Copy the material below verbatim from the line with "UpliftingBras's tweet photo. Happy Monday!" to the line with "#MondayMotivation #MondayInspiration #MondayMessage", both lines included, omitting pictures and every line outside that range.
Top of Supplied information
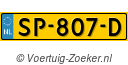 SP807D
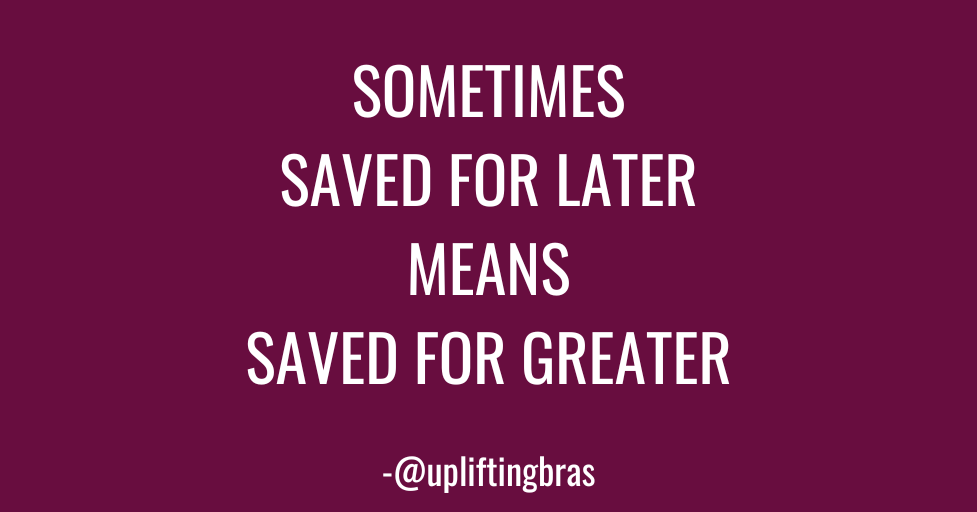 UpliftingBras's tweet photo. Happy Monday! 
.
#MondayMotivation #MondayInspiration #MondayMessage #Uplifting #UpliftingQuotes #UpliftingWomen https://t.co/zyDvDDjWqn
Bottom of Supplied information
Top of Supplied information
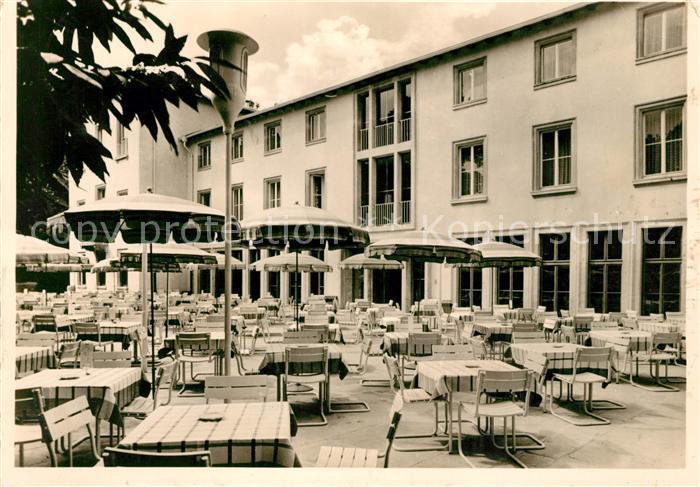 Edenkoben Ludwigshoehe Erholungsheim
Bottom of Supplied information
Answer section
 UpliftingBras's tweet photo. Happy Monday! 
.
#MondayMotivation #MondayInspiration #MondayMessage #Uplifting #UpliftingQuotes #UpliftingWomen https://t.co/zyDvDDjWqn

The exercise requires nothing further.